Langkah tersebut, yang mulai berlaku pada Sabtu (1/7/2023). Larangan kantong plastik untuk produk segar ini merupakan bagian dari kampanye pemerintah yang lebih luas melawan plastik sekali pakai.
Sebagian besar pembeli sudah membawa tas sendiri ke toko setelah kantong plastik sekali pakai dilarang pada 2019. Dalam beberapa tahun terakhir, banyak negara telah memberlakukan biaya atau larangan kantong plastik.
"Selandia Baru menghasilkan terlalu banyak sampah, terlalu banyak sampah plastik," kata Associate Menteri Lingkungan Hidup Rachel Brooking dilansir BBC, Senin (3/7/2023).
Dia menambahkan, lebih dari 1 miliar kantong plastik telah diselamatkan sejak larangan kantong plastik yang lebih tebal mulai berlaku pada 2019. Langkah baru ini diharapkan dapat mencegah penggunaan 150 juta kantong plastik per tahun.
Kritikus telah mengemukakan kekhawatiran bahwa pembeli mungkin hanya menempatkan belanjaan di kantong kertas sekali pakai, yang masih tersedia di supermarket. "Hal itu masih bisa dilakukan, tetapi kami benar-benar ingin mengurangi kemasan apa pun sekali pakai," kata Brooking.
"Jadi kami ingin orang-orang membawa tas sendiri dan supermarket menjual tas produksi yang dapat digunakan kembali," tambahnya.

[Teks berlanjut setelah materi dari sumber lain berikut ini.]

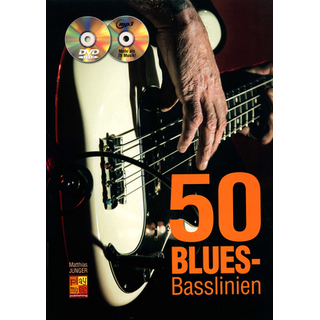 Play-Music Publishing  50 Blues-Basslinien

Jaringan supermarket Countdown, yang mengoperasikan lebih dari 185 toko di seluruh Selandia Baru, telah mulai menjual tas jaring poliester yang dapat digunakan kembali. Perusahaan berharap ini akan mendorong pembeli untuk menggunakan tas yang dapat digunakan kembali untuk buah dan sayuran.

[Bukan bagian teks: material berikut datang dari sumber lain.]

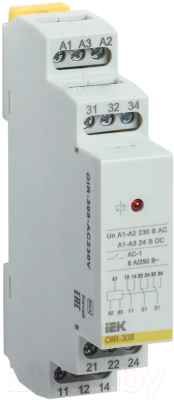 Реле промежуточное IEK OIR-308-AC230V - фото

"Kami tahu perubahan itu sulit dan (itu) akan memakan waktu cukup lama. Kami juga mendapati beberapa pelanggan marah," kata Kepala Bagian Keberlanjutan di Countdown Catherine Langabeer.

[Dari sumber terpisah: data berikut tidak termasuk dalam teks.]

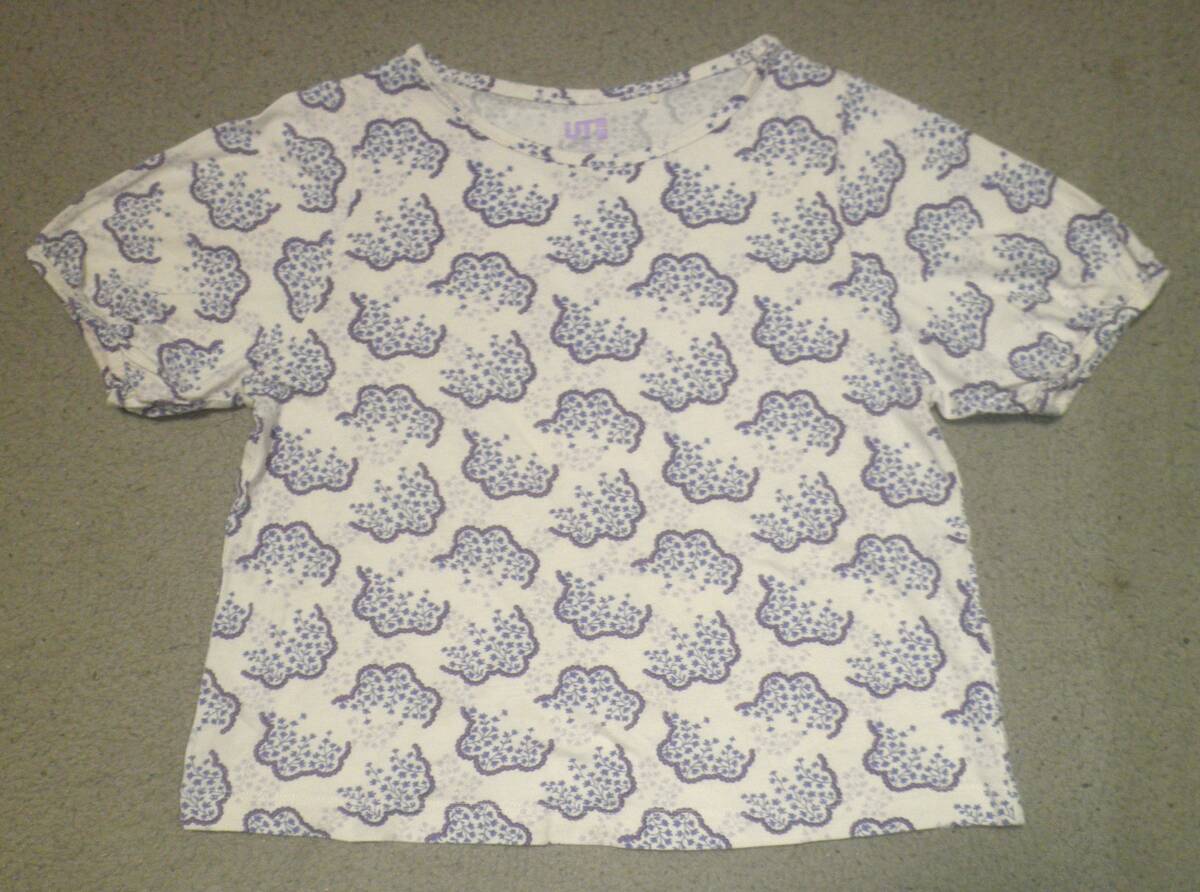 ユニクロ　ANNA SUI カットソー　１２０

Pemerintah Selandia Baru telah membuat kemajuan dalam inisiatif lain untuk mengatasi perubahan iklim. Pada bulan Oktober, diusulkan untuk mengenakan pajak atas gas rumah kaca yang dihasilkan oleh hewan ternak seperti domba dan sapi. Skema pertama di dunia akan melihat petani membayar emisi pertanian dalam beberapa bentuk pada 2025. Industri pertanian negara menyumbang sekitar setengah dari emisinya.